Loyola’s players, darlings of the nation last March, have had to learn something about the price of fame.
 
“We all know these teams want to beat us, just because of what we did last year,” Custer said. “But I think we put too much pressure on ourselves at the beginning of the year. We thought we needed to be great. There’s more noise around our program now. Now we’ve gotten to the point where we just don’t listen to that.
 
“I think in the off-season it was cool. Everybody was all excited about it. We were like, wow, this is what it feels like to be at a school where basketball’s important. But once the games started and you lose a couple, sometimes you hear, `they’re a one-hit wonder, they were a fluke last year.’ Then it kind of hurts.”
 
Saturday was about legacies, and the mixture of emotions college basketball can bring. 

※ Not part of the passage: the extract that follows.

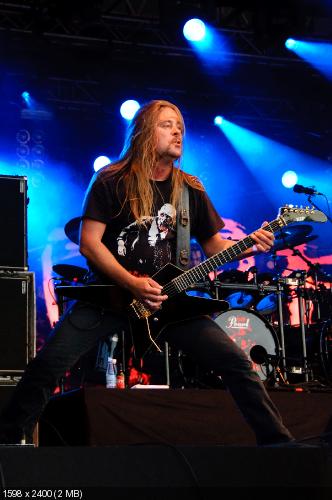 Гитарист Children Of Bodom выпустил метал-версии гимнов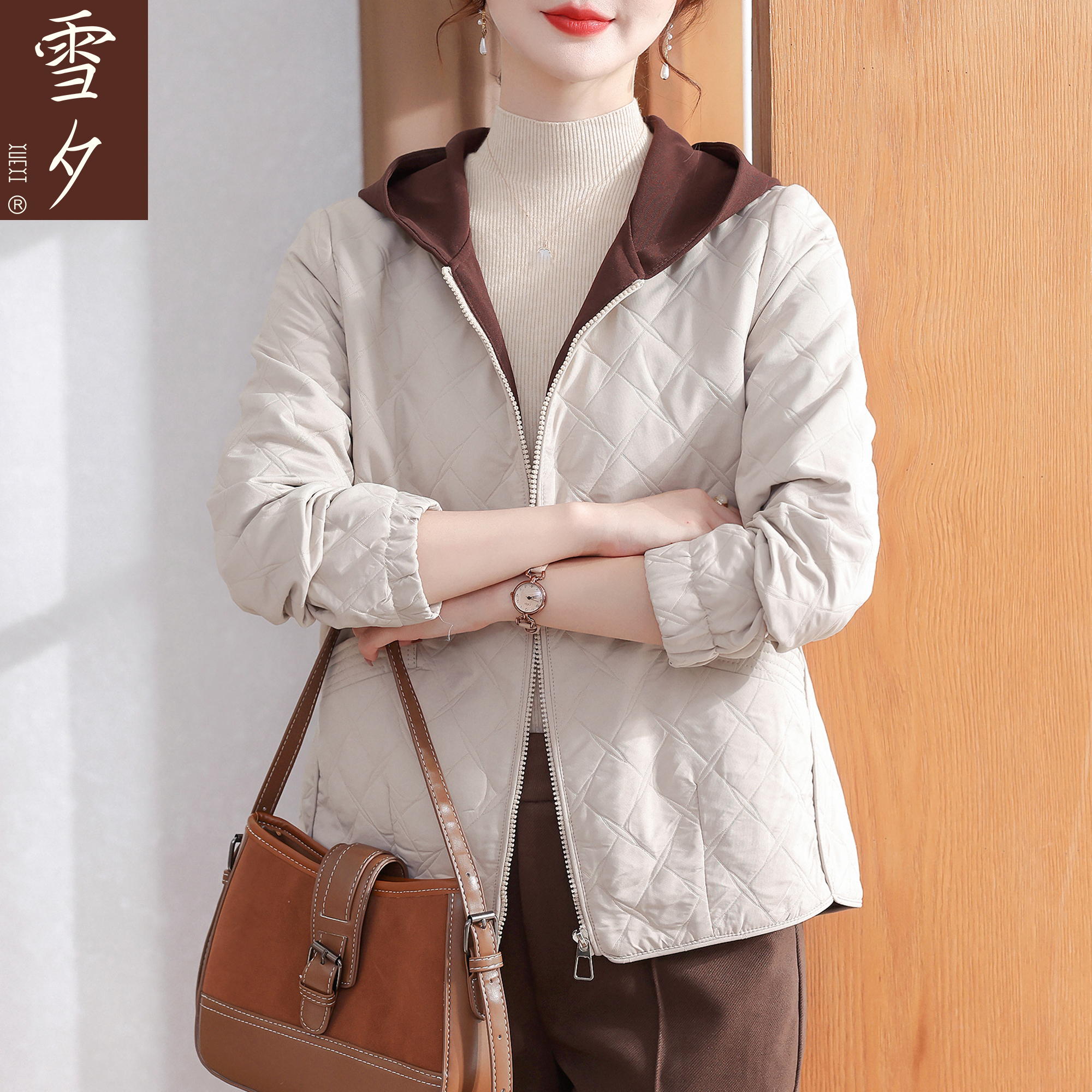 妈妈秋装外套2025新款时尚洋气中老年女装巨好看的大码连帽上衣服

  Indiana State went 33-1 in 1979 and wanted so badly to be 34-0. Sitting in Hulman Center Saturday, several of those Sycamores flashed back to the night in the same place after their Final Four, when they returned to Terre Haute and were stunned to find a full arena waiting to honor them. Finishing second suddenly didn’t matter.
 
“You’ve treated us like kings,” reserve Bob Ritter told the masses that night “We’re just sorry we couldn’t bring the crown home.”
 
The crowd was still cheering Saturday, 40 years later. Just like the crowd will likely be four decades from now at Loyola, honoring the 2018 Final Four Ramblers at their reunion. That thought didn’t cross the minds of the 2019 Ramblers, who have other things to worry about at the moment. A lot was going on Saturday in Terre Haute.